Stable
- Members: Don Kernodle Ivan Koloff Nikita Koloff Krusher Khruschev Vladimir Petrov Russian Assassin Russian Assassin #2
- Billed from: Soviet Union
- Debut: 1984
- Disbanded: 1988
- Years active: 1984–1988

= Russian Team =

Professional wrestling stable

The Russian Team was a professional wrestling tag team and stable in the 1980s who attempted to prove their Soviet dominance over their opponents.

==History==
The Russian Team was formed in December 1984 in the National Wrestling Alliance's Jim Crockett Promotions. It consisted of NWA World Tag Team Champions Don Kernodle and Ivan Koloff, both recently returned from the World Wrestling Federation, plus Ivan's nephew Nikita Koloff whom they were training. After they lost the title, Kernodle was fired and replaced with Krusher Khruschev.

The Koloffs and Kernodle had been named the NWA World Six-Man Tag Team Champions and after his firing, Kernodle was replaced with Kruschev mid reign. The new line-up won the NWA World Tag Team Championship twice (the second time without Kruschev as a championship team member). They feuded with Dusty Rhodes, Magnum T. A. and the Rock 'N Roll Express. Nikita, mentored by Ivan, challenged Ric Flair for the NWA World Heavyweight Championship but was defeated by Flair in the main event of the 1985 Great American Bash. After his firing, former team member Kernodle teamed with his brother Rocky to feud with the Koloffs and helped the Express to win the Tag Team Title back from them at Starrcade '85: The Gathering.

They also had many hard-fought matches against the Road Warriors, who could match up in strength and size.

During their feud with Magnum T. A., Nikita won the United States Championship in a best of seven series. Then in October 1986, Magnum was injured in a car wreck and his career was over. Nikita left the Russian Team and joined Rhodes forcing Ivan and Krusher to feud with them.

Kruschev left JCP in December 1986 (to go to the WWF as Smash of Demolition) and Ivan replaced him with Vladimir Petrov to get Nikita. Ivan and Petrov continued to call themselves the Russian Team until they added Dick Murdoch a few months later.

In 1988, Ivan Koloff and his manager Paul Jones recruited two masked Russian Assassins to feud with Nikita. However, the Assassins and Jones turned on Koloff after he lost a Russian Chain match to Ricky Morton at Clash of the Champions III: Fall Brawl. Now a babyface, Ivan reunited with Nikita to feud with the Assassins.

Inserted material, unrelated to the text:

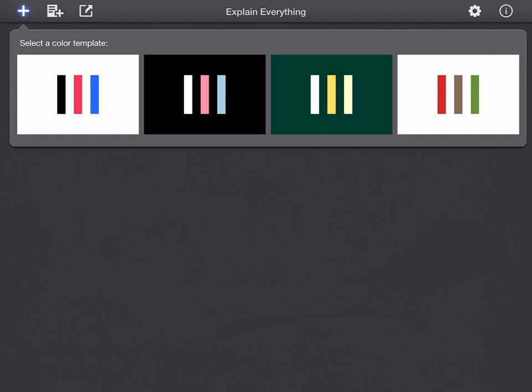Hello and welcome to this short presentation on how to work with Explain Everything using images.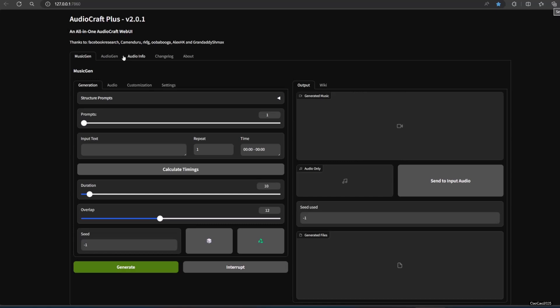How to use Pinocchio and AudioCraft Plus can be viewed at the link in the video description. Now open your Pinocchio, open AudioCraft, click AudioGen, in generation, write your prompt in the input text. Try writing 'river flowing' for the sound of a river flowing. Here are the results.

After the Assassins attacked Nikita and put him out of action (in reality so he could tend to his unwell wife Mandy), Ivan replaced him as a tag partner with former rival Junkyard Dog. The Assassins would defeat Ivan and Dog at Starrcade '88 and one Assassin would lose to Michael Hayes at the Chi-Town Rumble early the next year. In late March 1989, Ivan and one Assassin left the company while the other continued in WCW without his mask under his regular ring identity Jack Victory.

==Championships and accomplishments==
Only championships won as part of the Russian Team are listed. See individual members' articles for full title histories.
- Don Kernodle
- National Wrestling Alliance
- NWA World Tag Team Championship (1 time as Russian Team member)
- NWA World Six-Man Tag Team Championship (1 time)

- Ivan Koloff
- National Wrestling Alliance
- NWA World Tag Team Championship (3 times as Russian Team member)
- NWA World Six-Man Tag Team Championship (1 time)
- NWA United States Tag Team Championship (1 time)

- Nikita Koloff
- National Wrestling Alliance
- NWA United States Championship (1 time)
- NWA World Tag Team Championship (2 times)
- NWA World Six-Man Tag Team Championship (1 time)
- NWA National Heavyweight Championship (1 time)

- Krusher Khruschev
- National Wrestling Alliance
- NWA Mid-Atlantic Heavyweight Championship (1 time)
- NWA World Tag Team Championship (1 time)
- NWA World Six-Man Tag Team Championship (1 time)
- NWA United States Tag Team Championship (1 time)

- Pro Wrestling Illustrated
- PWI ranked the Koloffs # 64 of the 100 best tag teams during the "PWI Years" in 2003.